Meanwhile, embrace your inner bookworm!

I searched for the most attractive photo of a silverfish I could find, and this one came from Encyclopaedia Britannica. Sorry, it was the best I could do. I’m sure another silverfish would find this one quite handsome. To the human bookworms I know: this is not meant to deride those of us who digest books with a healthy appetite. Just a metaphor!

Poetry, art, & a little bit more about libraries

After writing about some memorable libraries lately, I realize that I have been able to pursue my passions–indeed, discover my passions–largely through the help of these marvelous civic institutions. It is time I brought my posts back to those passions, however, particularly to my love of poetry.

My family introduced me to poetry through nursery rhymes and hymns and taught me to love narratives through story-telling of several kinds, so the foundation for my lifelong love of stories and poems existed before I ever set foot in a library; but books solidified and focused my various enthusiasms, and libraries offered more books than I could hope to read (though I tried!). Libraries led me not only to novels and poems but to books on visual art, art museums, artists, art history, and art criticism. If I couldn’t get to the Louvre or Rijksmuseum, to Venice or to Rome, I could borrow an art book from the library and be on my way via imagination.

When I got to college, I spent many hours in the library on campus borrowing books I couldn’t afford to buy. Few of those books were required for my academic studies; in fact, I don’t recall doing much research for term papers. I was reading up on and diversifying my own interests, often unrelated to coursework. A look back at my undergraduate transcripts reveals only two classes specifically devoted to poetry, but I recall reading many poetry collections in the campus library. As a junior, I had a work-study job in an office in the library basement. When my hours were up, I’d walk upstairs to the stacks.

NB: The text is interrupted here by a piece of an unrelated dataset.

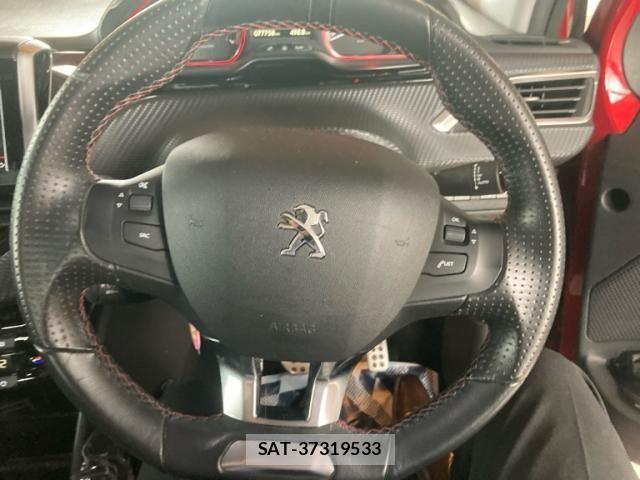 Peugeot 2008 2018-07 7502198-18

I was finding my own way to what I loved.

~

Needless to say, once I had children of my own, we visited the library often. Years ago, I wrote to the poet Richard Wilbur to tell him about my 2nd-grade daughter’s encounter with Digging for China and how, nearly 30 years earlier, I had been fascinated by the book too. He replied with this modest note. June 2009, I saw Wilbur at the West Chester Poetry Conference. What a talented writer, and what a sweet man.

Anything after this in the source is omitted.